» TASK DATA
- - -

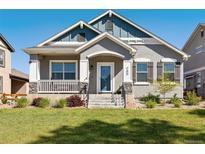 Charming home featuring attractive architectural details and a well-maintained front yard at 763 Sage Forest Ln, Monument, CO 80132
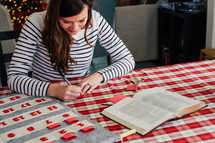 A woman writing Bible verses down to put in an Advent calendar 
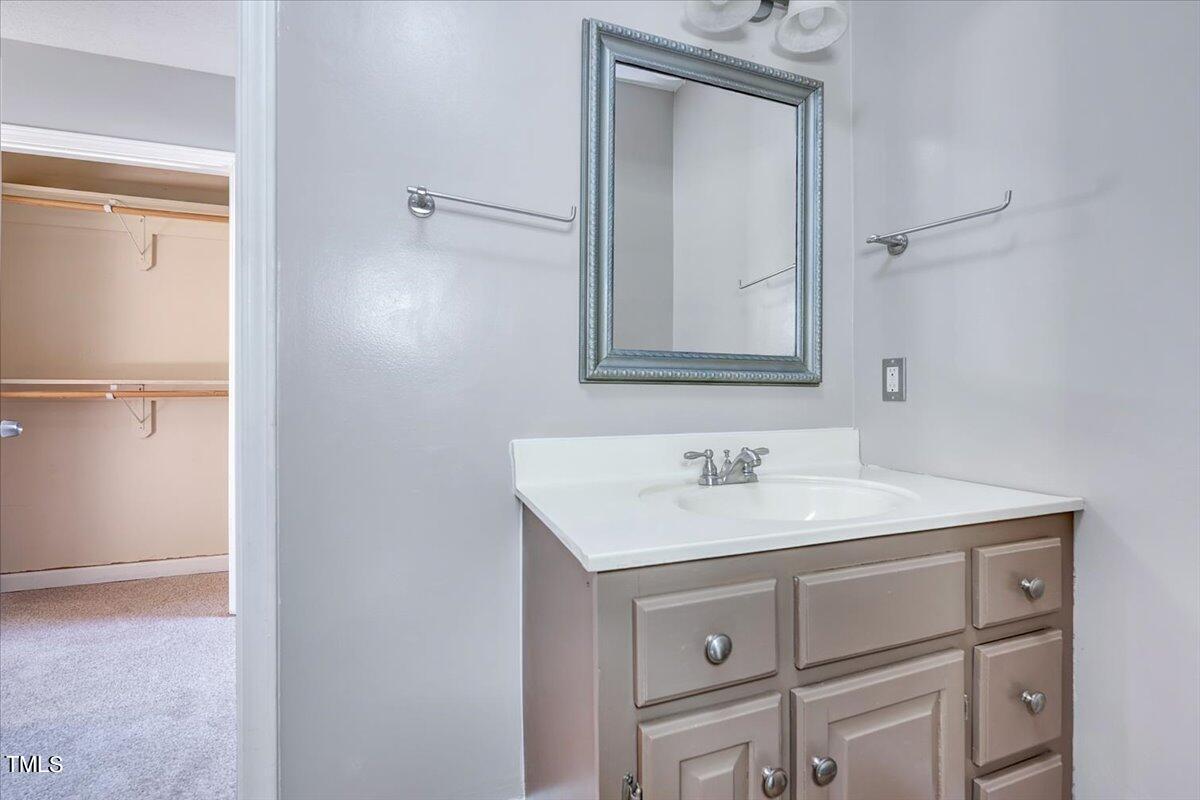 1831 Milan Street Durham, NC 27704 - Photo 18 of 38 a bathroom with a sink vanity and a mirror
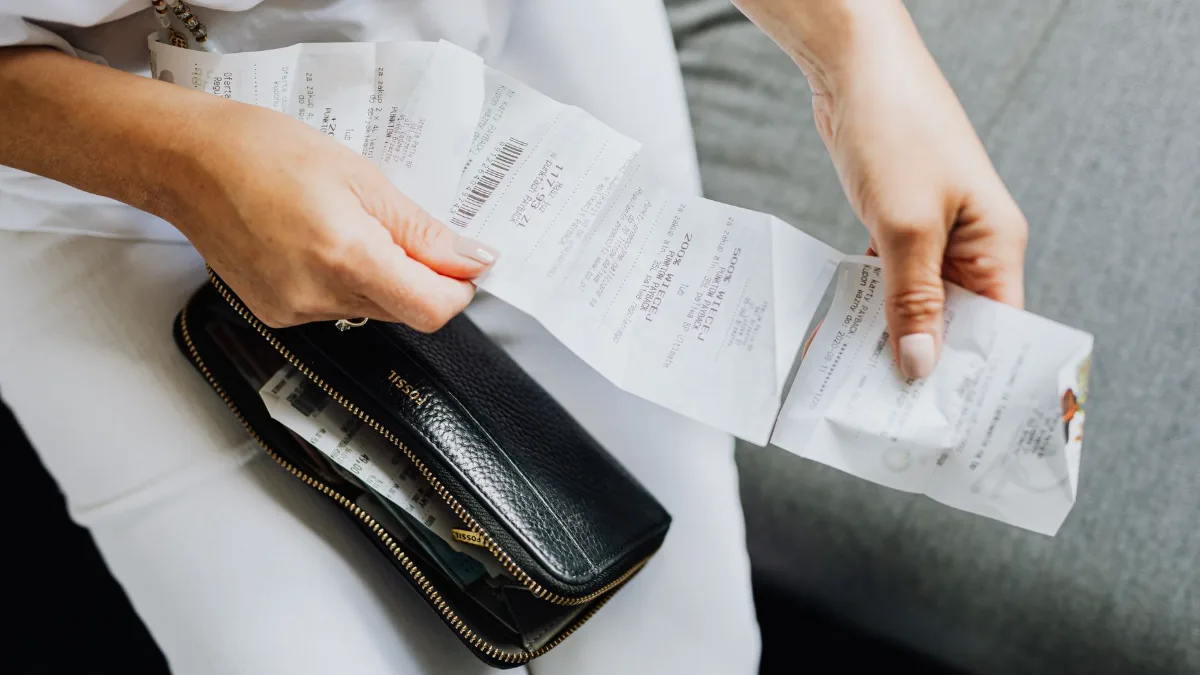 A woman's hands holding several paper receipts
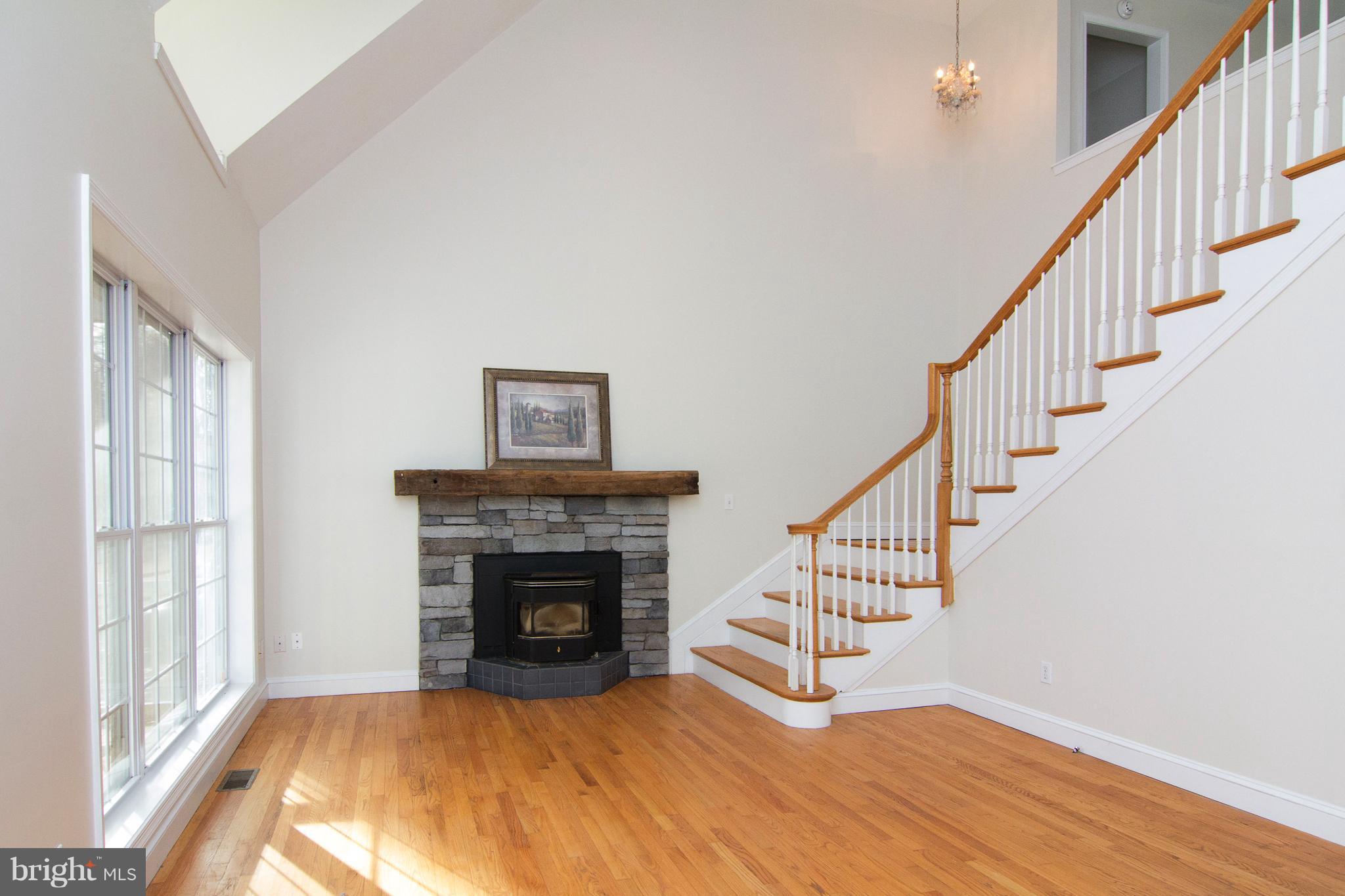 15825 Yeoho Road Sparks, MD 21152 - Photo 7 of 30 a view of an empty room with wooden floor fireplace and a window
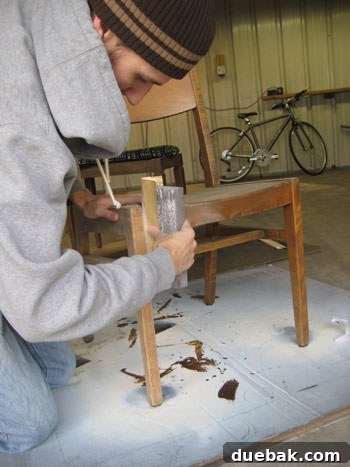 Close-up of a vintage wooden chair being sanded with 100-grit sandpaper, revealing the raw wood beneath the old finish.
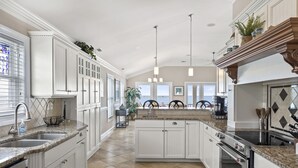 A spacious kitchen with white cabinetry, granite countertops, and a large island. - Blue View, Oceanfront House in Pine Knoll Shores, NC! (Pine Knoll Shores)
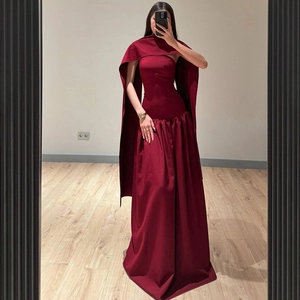 Elegant wine red off-shoulder evening gown featuring a matching shawl and floor-length fit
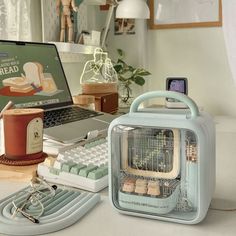 an open laptop computer sitting on top of a desk next to a toaster and keyboard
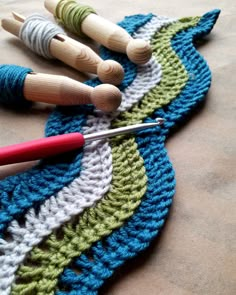 three crocheted wooden pegs on top of a blue and green doily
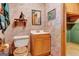 Bathroom with tiled floor, wallpaper and wooden cabinets at 562 Adams Rd, Fayetteville, GA 30214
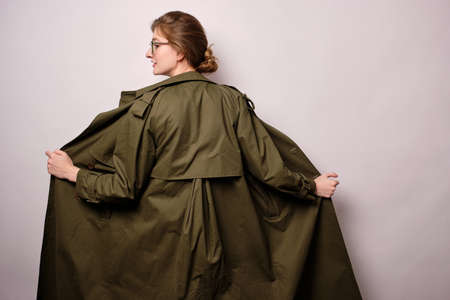 A girl stands on light background with her back to the frame, turning her head in profile and opening the green trench to the sideの写真素材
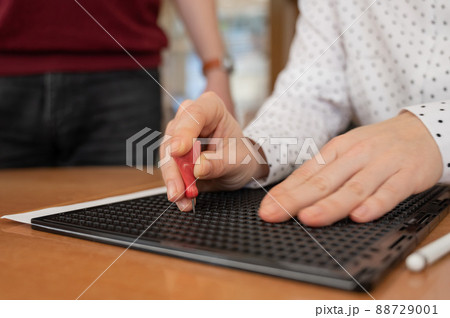 A man teaches a woman how to use a special stencil and stylus to write a letter in Braille. A man teaches a woman how to use a special stencil and stylus to write a letter in Braille. 88729001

- - -

» EXERCISE AIM
The response should repeat each record precisely and contain no pictures.

» ANSWER SECTION
 Charming home featuring attractive architectural details and a well-maintained front yard at 763 Sage Forest Ln, Monument, CO 80132
 A woman writing Bible verses down to put in an Advent calendar 
 1831 Milan Street Durham, NC 27704 - Photo 18 of 38 a bathroom with a sink vanity and a mirror
 A woman's hands holding several paper receipts
 15825 Yeoho Road Sparks, MD 21152 - Photo 7 of 30 a view of an empty room with wooden floor fireplace and a window
 Close-up of a vintage wooden chair being sanded with 100-grit sandpaper, revealing the raw wood beneath the old finish.
 A spacious kitchen with white cabinetry, granite countertops, and a large island. - Blue View, Oceanfront House in Pine Knoll Shores, NC! (Pine Knoll Shores)
 Elegant wine red off-shoulder evening gown featuring a matching shawl and floor-length fit
 an open laptop computer sitting on top of a desk next to a toaster and keyboard
 three crocheted wooden pegs on top of a blue and green doily
 Bathroom with tiled floor, wallpaper and wooden cabinets at 562 Adams Rd, Fayetteville, GA 30214
 A girl stands on light background with her back to the frame, turning her head in profile and opening the green trench to the sideの写真素材
 A man teaches a woman how to use a special stencil and stylus to write a letter in Braille. A man teaches a woman how to use a special stencil and stylus to write a letter in Braille. 88729001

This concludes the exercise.